In the silence that followed, Melissa rose and went to the door. A bottle of Jack Daniels stood sentry on the top step.
She stood, leaning against the doorjamb, staring at the bottle. It was like looking through a long tunnel that stretched through time. Hadn’t she wished for this very thing? But this step…it wasn’t one she wanted to take. Not truly. A bottle of this nature was here for drunkenness. For pain relief.
He’s gone, a
voice in her head said sweetly.
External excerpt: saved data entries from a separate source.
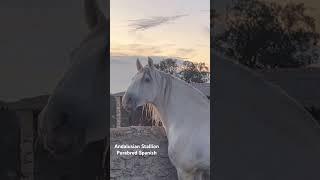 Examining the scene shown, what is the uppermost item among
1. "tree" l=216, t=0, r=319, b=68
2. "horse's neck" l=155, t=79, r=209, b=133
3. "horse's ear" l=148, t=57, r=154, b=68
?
"tree" l=216, t=0, r=319, b=68

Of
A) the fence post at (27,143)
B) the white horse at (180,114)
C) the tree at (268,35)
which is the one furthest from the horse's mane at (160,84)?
the fence post at (27,143)

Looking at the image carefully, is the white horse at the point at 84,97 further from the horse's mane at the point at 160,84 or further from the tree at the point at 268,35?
the tree at the point at 268,35

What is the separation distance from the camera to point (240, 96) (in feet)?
10.9

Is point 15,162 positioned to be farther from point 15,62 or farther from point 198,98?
point 198,98

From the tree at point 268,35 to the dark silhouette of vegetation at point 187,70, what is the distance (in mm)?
166

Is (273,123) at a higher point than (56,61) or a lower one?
lower

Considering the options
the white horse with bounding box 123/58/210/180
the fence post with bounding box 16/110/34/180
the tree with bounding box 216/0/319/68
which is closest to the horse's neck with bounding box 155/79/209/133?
the white horse with bounding box 123/58/210/180

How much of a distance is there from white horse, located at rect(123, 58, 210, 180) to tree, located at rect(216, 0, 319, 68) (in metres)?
0.34

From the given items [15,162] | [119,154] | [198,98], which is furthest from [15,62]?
[198,98]

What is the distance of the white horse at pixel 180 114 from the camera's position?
10.8 feet

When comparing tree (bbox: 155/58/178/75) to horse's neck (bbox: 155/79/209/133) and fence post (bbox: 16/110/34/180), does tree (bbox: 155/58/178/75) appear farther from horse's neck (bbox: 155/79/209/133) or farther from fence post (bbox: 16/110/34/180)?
fence post (bbox: 16/110/34/180)

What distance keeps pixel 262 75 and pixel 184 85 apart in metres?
0.45

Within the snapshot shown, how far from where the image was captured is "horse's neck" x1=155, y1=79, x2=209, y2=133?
3.32 metres

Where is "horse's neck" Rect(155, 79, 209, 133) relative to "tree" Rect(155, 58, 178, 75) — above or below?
below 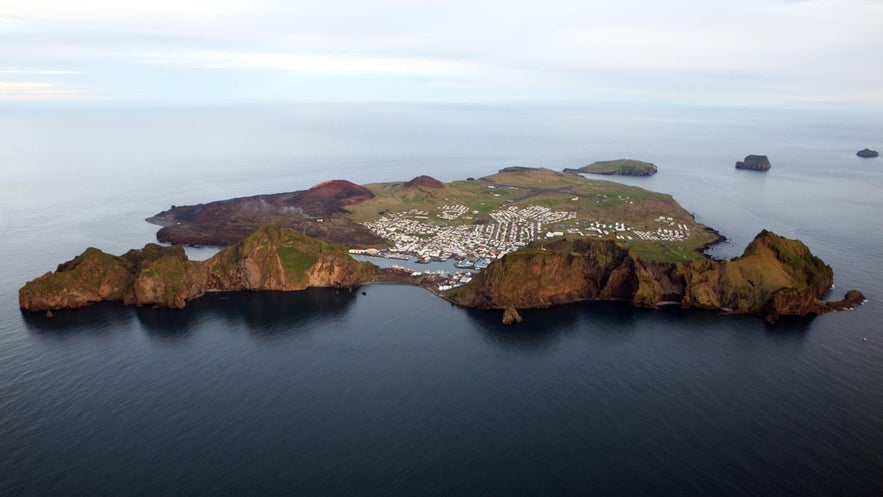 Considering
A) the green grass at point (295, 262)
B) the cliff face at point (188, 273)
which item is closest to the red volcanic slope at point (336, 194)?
the green grass at point (295, 262)

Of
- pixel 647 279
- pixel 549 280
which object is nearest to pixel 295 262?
pixel 549 280

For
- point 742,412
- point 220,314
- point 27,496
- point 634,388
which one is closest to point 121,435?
point 27,496

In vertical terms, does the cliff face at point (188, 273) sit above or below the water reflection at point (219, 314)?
above

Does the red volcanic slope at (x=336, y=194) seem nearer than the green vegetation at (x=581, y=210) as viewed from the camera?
No

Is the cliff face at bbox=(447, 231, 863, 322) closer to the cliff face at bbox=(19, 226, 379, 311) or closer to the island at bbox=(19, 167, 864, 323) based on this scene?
the island at bbox=(19, 167, 864, 323)

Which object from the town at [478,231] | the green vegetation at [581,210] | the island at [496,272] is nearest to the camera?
the island at [496,272]

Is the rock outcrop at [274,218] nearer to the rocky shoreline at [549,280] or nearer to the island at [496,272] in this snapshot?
the island at [496,272]

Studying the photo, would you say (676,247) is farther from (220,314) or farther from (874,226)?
(220,314)

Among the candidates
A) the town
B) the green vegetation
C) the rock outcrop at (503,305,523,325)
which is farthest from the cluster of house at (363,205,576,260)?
the rock outcrop at (503,305,523,325) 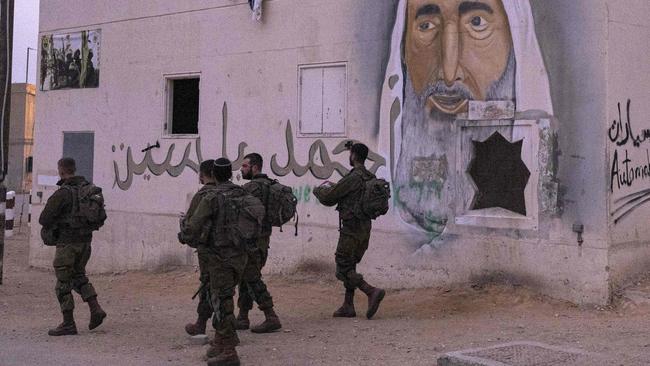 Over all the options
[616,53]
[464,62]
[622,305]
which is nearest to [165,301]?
[464,62]

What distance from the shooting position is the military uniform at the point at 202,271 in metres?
A: 5.88

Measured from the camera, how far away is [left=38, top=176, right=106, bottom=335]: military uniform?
23.1 feet

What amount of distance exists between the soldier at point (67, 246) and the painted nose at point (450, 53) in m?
4.18

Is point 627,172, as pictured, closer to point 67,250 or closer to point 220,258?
point 220,258

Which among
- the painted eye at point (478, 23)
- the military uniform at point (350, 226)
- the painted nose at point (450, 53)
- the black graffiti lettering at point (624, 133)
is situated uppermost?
the painted eye at point (478, 23)

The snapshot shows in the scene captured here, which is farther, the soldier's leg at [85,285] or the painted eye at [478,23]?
the painted eye at [478,23]

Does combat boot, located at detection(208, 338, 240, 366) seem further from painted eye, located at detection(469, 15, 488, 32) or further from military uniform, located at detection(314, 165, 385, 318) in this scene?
painted eye, located at detection(469, 15, 488, 32)

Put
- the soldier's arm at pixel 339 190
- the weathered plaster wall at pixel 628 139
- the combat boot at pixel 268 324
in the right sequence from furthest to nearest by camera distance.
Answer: the weathered plaster wall at pixel 628 139, the soldier's arm at pixel 339 190, the combat boot at pixel 268 324

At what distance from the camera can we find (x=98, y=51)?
12297mm

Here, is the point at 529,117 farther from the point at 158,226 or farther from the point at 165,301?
the point at 158,226

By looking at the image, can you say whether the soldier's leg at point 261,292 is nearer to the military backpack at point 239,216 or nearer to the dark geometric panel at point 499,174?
the military backpack at point 239,216

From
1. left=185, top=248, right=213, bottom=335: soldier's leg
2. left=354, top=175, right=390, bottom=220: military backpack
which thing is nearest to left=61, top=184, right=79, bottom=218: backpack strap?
left=185, top=248, right=213, bottom=335: soldier's leg

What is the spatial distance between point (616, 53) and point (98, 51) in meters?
8.16

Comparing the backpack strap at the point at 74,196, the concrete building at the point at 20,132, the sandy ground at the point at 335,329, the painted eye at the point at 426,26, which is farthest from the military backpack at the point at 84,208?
the concrete building at the point at 20,132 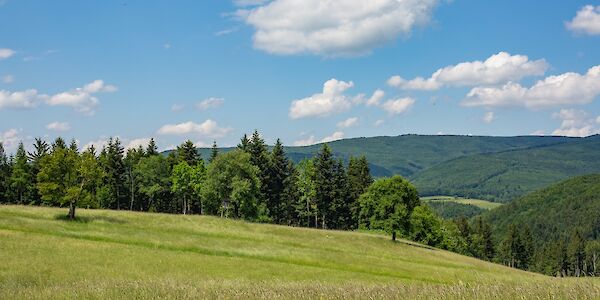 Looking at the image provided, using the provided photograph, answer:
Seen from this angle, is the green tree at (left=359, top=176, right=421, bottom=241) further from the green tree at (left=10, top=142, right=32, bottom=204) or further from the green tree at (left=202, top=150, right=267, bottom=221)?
the green tree at (left=10, top=142, right=32, bottom=204)

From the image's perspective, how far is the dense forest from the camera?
75.1m

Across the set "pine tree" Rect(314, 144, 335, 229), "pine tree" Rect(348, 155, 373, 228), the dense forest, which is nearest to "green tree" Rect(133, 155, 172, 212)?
the dense forest

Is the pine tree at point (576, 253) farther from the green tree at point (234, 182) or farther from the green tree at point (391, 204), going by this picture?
the green tree at point (234, 182)

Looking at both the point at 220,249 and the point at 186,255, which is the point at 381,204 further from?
the point at 186,255

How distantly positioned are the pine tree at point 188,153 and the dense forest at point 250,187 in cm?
20

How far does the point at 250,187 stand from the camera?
256 ft

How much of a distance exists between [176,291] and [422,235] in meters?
103

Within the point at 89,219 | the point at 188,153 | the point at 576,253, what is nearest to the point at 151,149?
the point at 188,153

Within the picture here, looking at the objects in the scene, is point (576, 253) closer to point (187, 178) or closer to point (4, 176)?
point (187, 178)

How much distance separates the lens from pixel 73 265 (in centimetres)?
3256

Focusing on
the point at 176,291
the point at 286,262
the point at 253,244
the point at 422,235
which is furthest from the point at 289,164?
the point at 176,291

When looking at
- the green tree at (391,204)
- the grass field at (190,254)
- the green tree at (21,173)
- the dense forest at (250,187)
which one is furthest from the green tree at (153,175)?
the green tree at (391,204)

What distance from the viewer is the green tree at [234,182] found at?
254ft

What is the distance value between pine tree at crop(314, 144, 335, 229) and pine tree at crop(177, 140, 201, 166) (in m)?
24.5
It doesn’t matter now. It’s over. You’ve got no place to go. You won’t be in a vehicle. No one needs you tonight. That single phrase echoed, taking on different meanings. Ominous meanings. No one needs you tonight. No one needs you. No one.
The gnats sang in her ears, played in her hair, but she remained fixated on the bottle. Joseph meant well. It was the way of things in Belize, in this part of the country, anyway. Alcohol could make you forget—for a night. Alcohol could make the pain go away. It didn’t matter if it came back twice as strong tomorrow. Tomorrow could take care of itself.
Slowly, Melissa closed the door. Let the gnats have it. Let the jungle have it.
Tomorrow would come. More patients would come. And they would need her.
Tomorrow would be a new start. Tomorrow, she’d be needed again.
She slept in her chair, alone in the office, with a blanket left on the floor from the night before.
A bottle of whisky outside the door, marking a line not to be crossed.
* * *
She awoke with a start when a knock on the door sounded.
It was already morning, and she’d stiffened up in the chair all night. She couldn’t get up, not fast enough to get the door.
“Come in!” she called, and tried to at least sit upright and look professional. It was a neat trick considering her hair had to be everywhere, she’d been in the same scrubs since yesterday, and couldn’t even remember the last time she’d showered. She had showered yesterday, right?
“Are you Dr. Bell?” A tall blond man wearing a suit that probably cost as much as the clinic walked into the office. He was wiping his forehead with a rather wet handkerchief. It was no wonder, wearing a suit in this heat. She studied the flushed condition of his face and considered having one of the nurses prep a space for a case of heat exhaustion.
Despite the poor choice in clothing, he was a tall and good-looking man, about 40. Another of Brant’s cronies, no doubt. He certainly matched the set from yesterday, just more tailored than that particular crew.